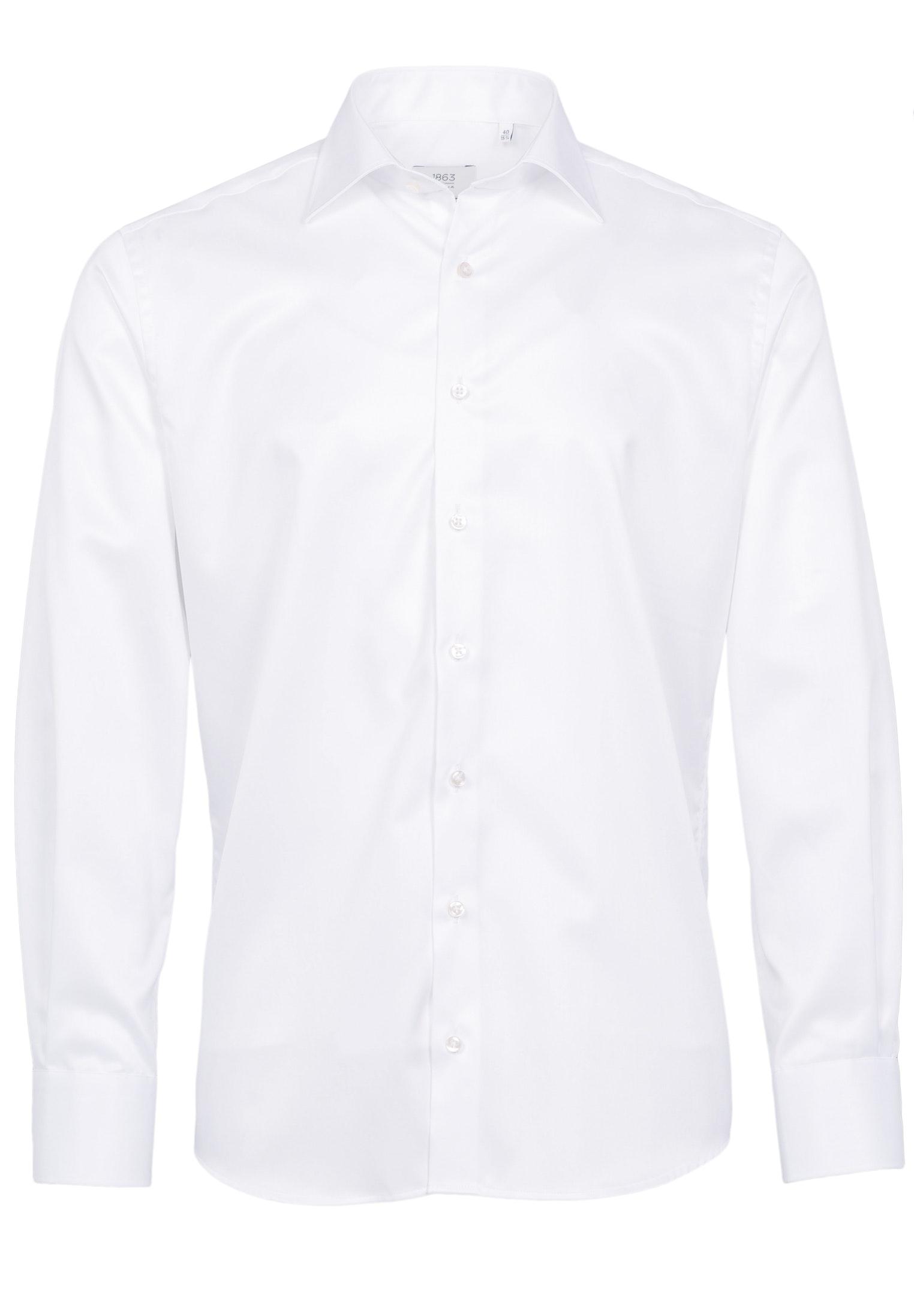 Luxury Shirt Twill Langarm 41/Langarm - 65cm MODERN FIT - Weiß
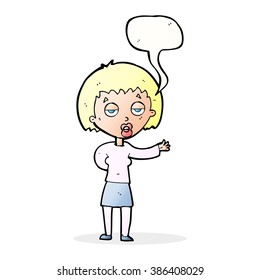 cartoon bored woman with speech bubble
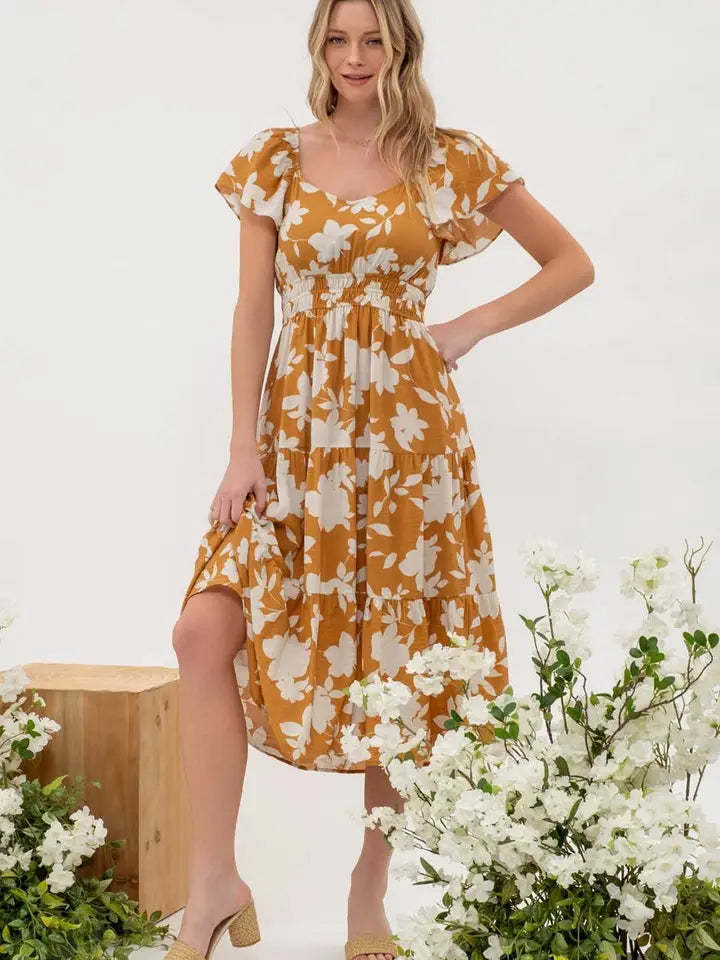 Caramel Floral Dress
* * * * *
> [The problem]:
The required output is every line of the data above, set down exactly and stripped of pictures.

> [Exercise response]:
 Luxury Shirt Twill Langarm 41/Langarm - 65cm MODERN FIT - Weiß
 cartoon bored woman with speech bubble
 Caramel Floral Dress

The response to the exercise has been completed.